*Working data*:
....

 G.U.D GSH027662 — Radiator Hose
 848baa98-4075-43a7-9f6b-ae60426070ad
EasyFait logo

....

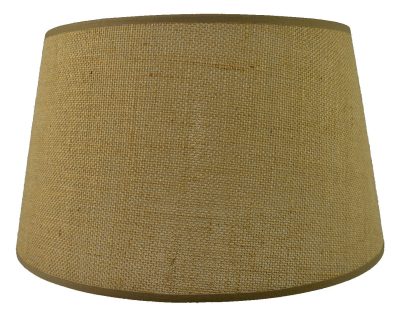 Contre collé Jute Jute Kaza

....

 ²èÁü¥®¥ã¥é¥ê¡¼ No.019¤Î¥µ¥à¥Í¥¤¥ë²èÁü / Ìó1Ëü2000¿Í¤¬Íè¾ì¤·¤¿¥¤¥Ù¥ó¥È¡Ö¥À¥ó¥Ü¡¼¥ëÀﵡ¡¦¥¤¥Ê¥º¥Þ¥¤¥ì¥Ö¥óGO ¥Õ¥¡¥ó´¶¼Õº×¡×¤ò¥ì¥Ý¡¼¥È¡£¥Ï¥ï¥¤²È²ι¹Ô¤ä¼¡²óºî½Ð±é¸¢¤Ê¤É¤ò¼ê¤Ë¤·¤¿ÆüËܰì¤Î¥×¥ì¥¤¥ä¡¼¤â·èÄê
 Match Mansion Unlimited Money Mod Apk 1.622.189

....

In the entries above, find the line holding "848baa98-4075-43a7-9f6b-ae60426070ad" and the line holding "EasyFait logo"; print both of them and every line between, exactly, and nothing else.

*Task answer*:
 848baa98-4075-43a7-9f6b-ae60426070ad
EasyFait logo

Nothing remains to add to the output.